YOUR ASSIGNMENT — Give back all of the data exactly, with every picture omitted.

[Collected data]
-- Opening Marker --

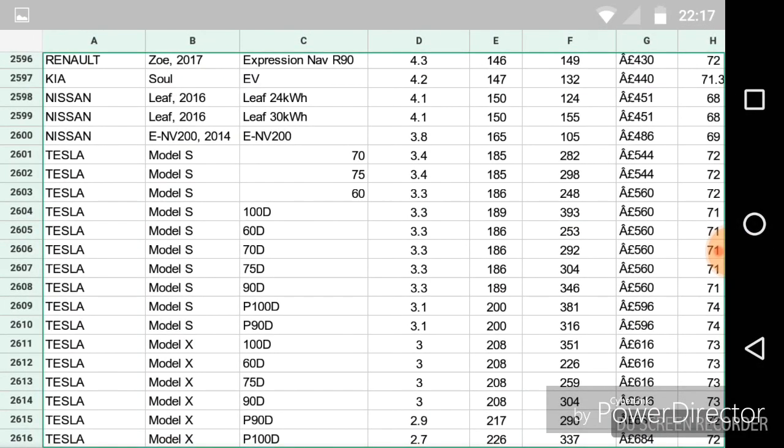Another picture here. This was the full list of the Teslas available at the bottom. And just look how low it goes. The P100D in the Model X, only 2.7 miles per kilowatt.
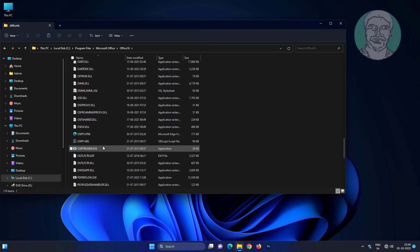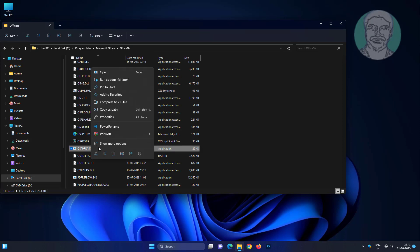Right-click OSPPRearm.exe and click Run as Administrator.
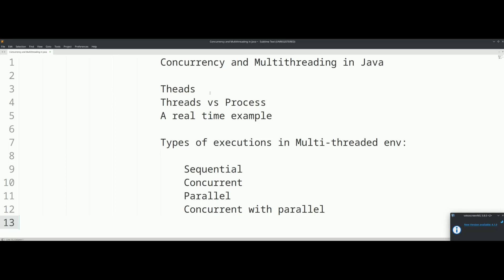Welcome YouTube. In this episode we are going to talk about concurrency and multithreading. This is an overview session and this is the first trilingual series. In this particular playlist, we have three languages available: English, Tamil, and Hindi.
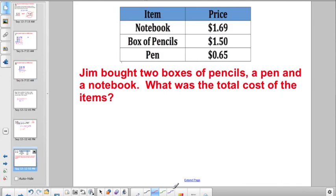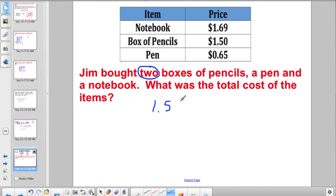Jim bought two boxes of pencils, a pen, and a notebook — what was the total cost? The tricky part is reading carefully. Pencils are $1.50 a box, so the common mistake is writing $1.50 just once. Since he bought two boxes, it's actually $1.50 plus $1.50 plus $1.69 plus $0.65. Line them all up at the decimal point and add.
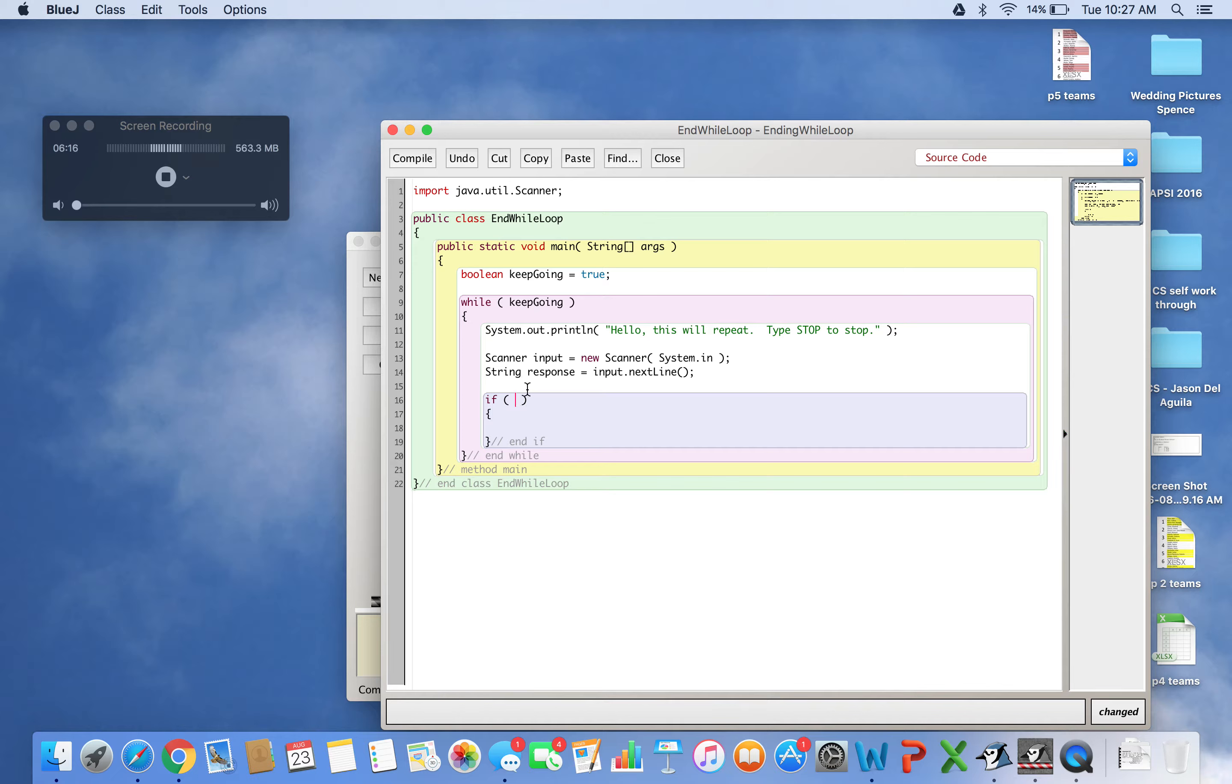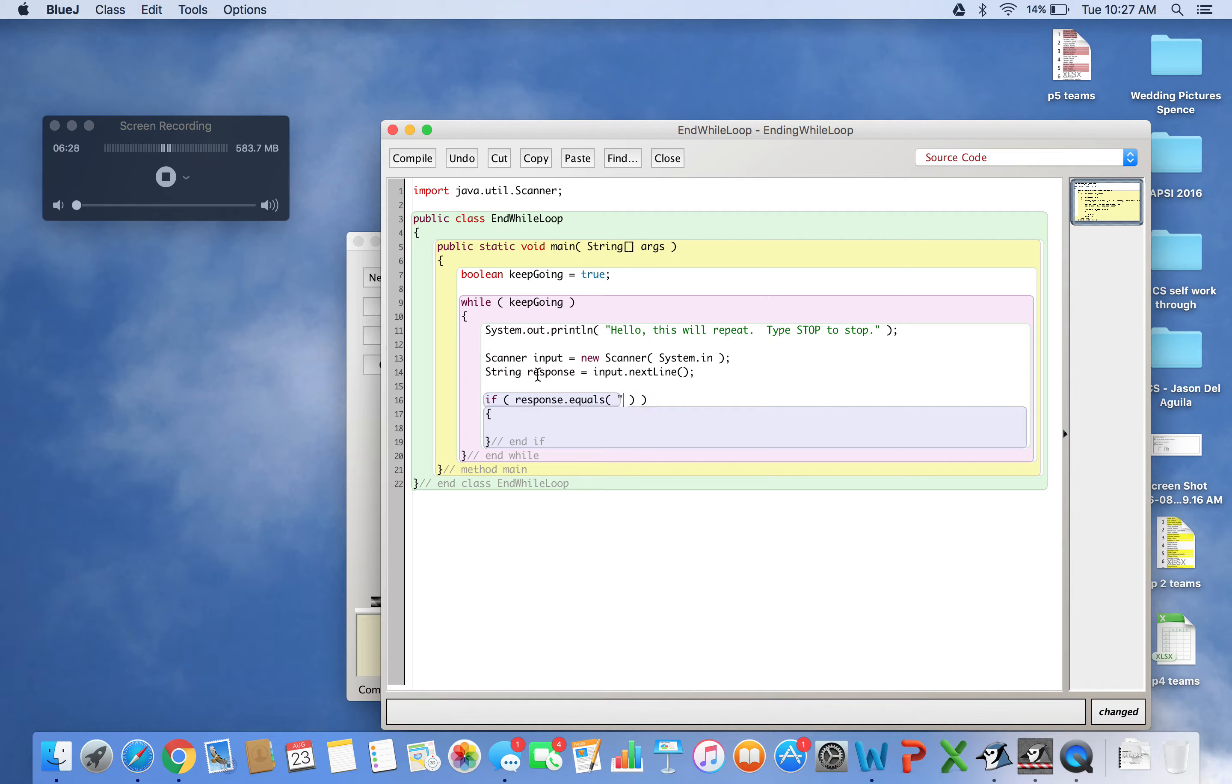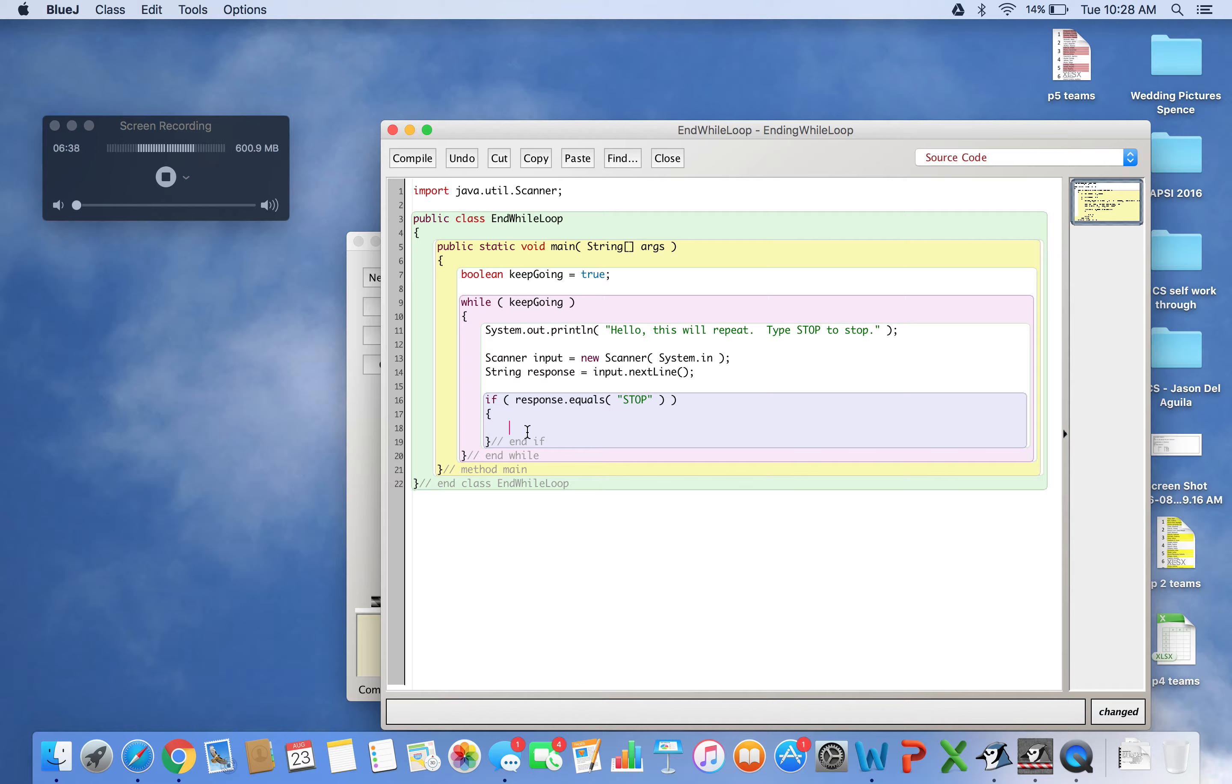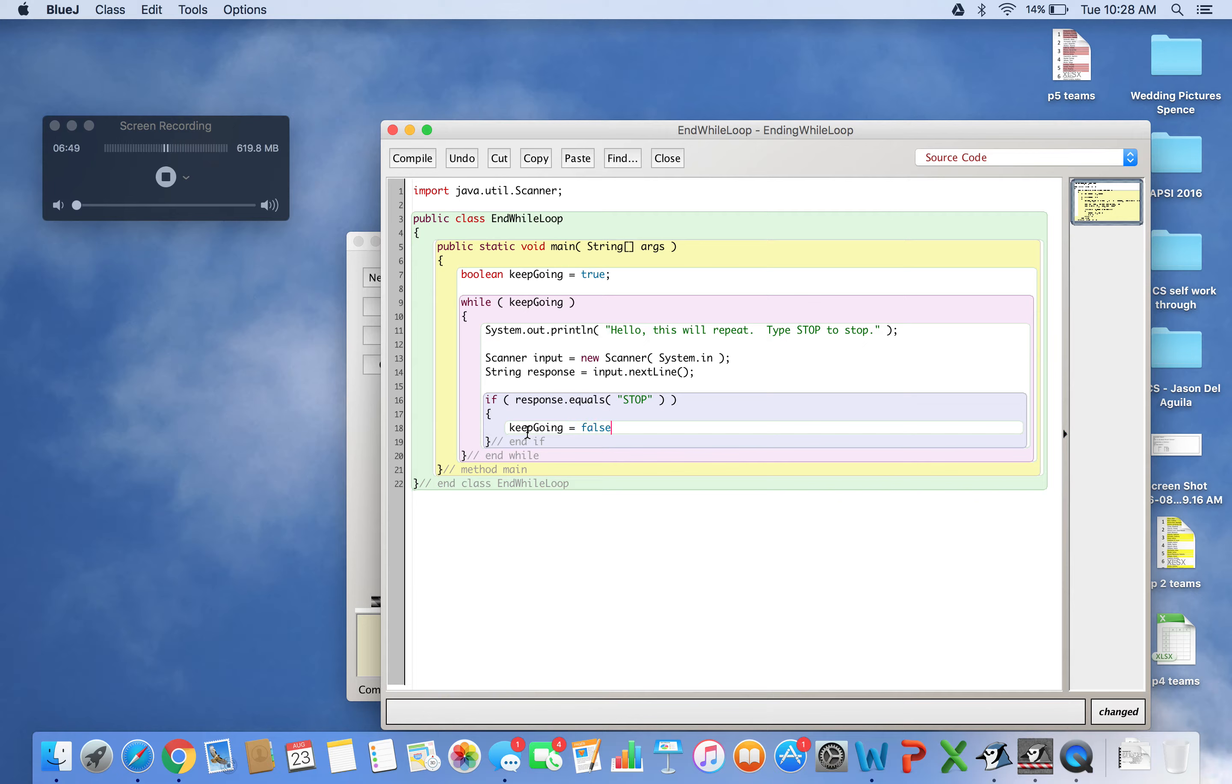If response.equals('STOP') - with capitals - then I'll change the boolean to false. The boolean is called keepGoing, so: keepGoing equals false. Let's see what happens.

-- Closing Marker --

TASK SOLUTION —
Another picture here. This was the full list of the Teslas available at the bottom. And just look how low it goes. The P100D in the Model X, only 2.7 miles per kilowatt.
Right-click OSPPRearm.exe and click Run as Administrator.
Welcome YouTube. In this episode we are going to talk about concurrency and multithreading. This is an overview session and this is the first trilingual series. In this particular playlist, we have three languages available: English, Tamil, and Hindi.
Jim bought two boxes of pencils, a pen, and a notebook — what was the total cost? The tricky part is reading carefully. Pencils are $1.50 a box, so the common mistake is writing $1.50 just once. Since he bought two boxes, it's actually $1.50 plus $1.50 plus $1.69 plus $0.65. Line them all up at the decimal point and add.
If response.equals('STOP') - with capitals - then I'll change the boolean to false. The boolean is called keepGoing, so: keepGoing equals false. Let's see what happens.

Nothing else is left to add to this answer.